In your vegetable beds and flower borders, you have ways to keep the growing season going.
You can protect plants from the inevitable frost with floating row covers, or glass cloches, or plastic-covered tunnels fashioned from half-inch PVC pipes.
Or you can build or buy a cold frame and nurture vegetables to warm you during the winter. Imagine stew pots and soup kettles brimming with escarole, leeks, carrots, turnips, and other root crops. And salad bowls filled with garden-fresh lettuce, spinach, arugula, and other greens. All of them sweet and mild, grown without the stress of summer heat and competition from weeds. Cold-hardy varieties are your best bets.
You can use a pricey prefab model or a homemade version for your cold frame. You even can create a cold frame by using bales of hay and an old window sash for the top. Whatever you use, it’s a good idea to position it against the south-facing side of a building to take advantage of the extra warmth and wind protection. Put a thermometer inside because, even in February on a sunny day, a cold frame can spike a temperature and need venting.
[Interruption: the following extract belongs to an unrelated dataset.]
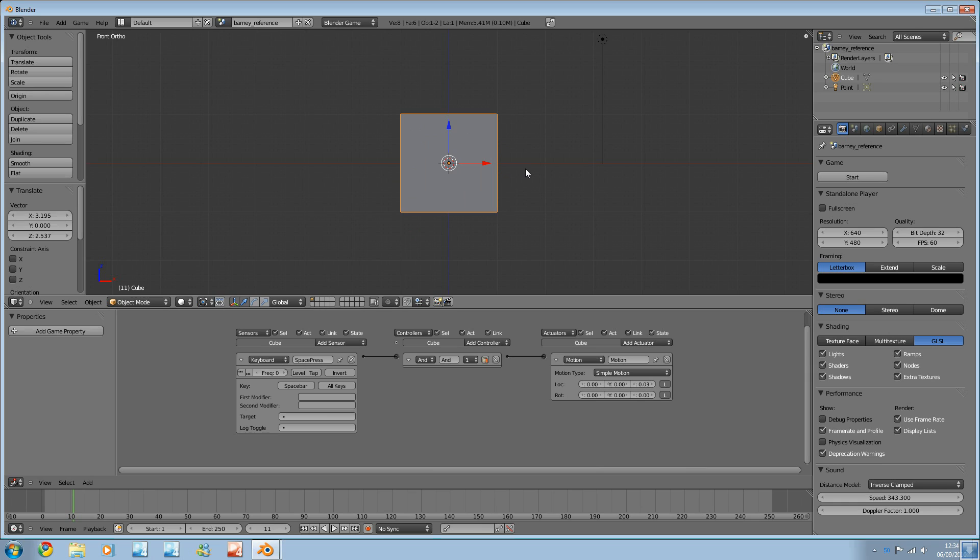The next tutorial will be a more in-depth look at the logic editor. Looking at some of the different logic blocks. And we're actually going to start doing some Python programming as well.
You don’t want your veggies to get cooked until you cook them.
Also your cold frame may need a little protection when it gets really cold. So throw old rugs or blankets over it to keep the plants from freezing.
Inside this mini greenhouse even potted herbs and tender perennials should stay cozy through winter. And with a cold frame you can get an extra-early jump start on next spring’s garden.
You also have flowers to admire as this season winds down such as the last and best showing of your dahlias.
The flower colors only intensify as the weather gets cooler until a killing frost does in the blooms. Then it’s time to dig up the tubers and let these divas have their beauty rest.
Some perennials take the spotlight in the waning season. Now is the time to pay homage to autumn’s all-stars: Montauk daisies (shown), New England asters, Joe Pye weed, Japanese anemones, toad lilies, and goldenrod.
This is when ‘Autumn Joy’ sedum lives up to its name and shows its true colors before darkening to mahogany. But don’t just admire these beauties. Remember, fall is for planting. So as long as the ground is still workable, you can—and should—plant now for a glorious garden next fall.
If you’re thirsting for a shot of color as the earth cools, dig in some colchicums.
You don’t have to wait till next spring to enjoy these flowering bulbs. They bloom when you’re in the midst of the garden task that most defines autumn: planting tulips.
It’s all part of the cycle of the seasons. That’s what keeps gardens, as well as gardeners, growing.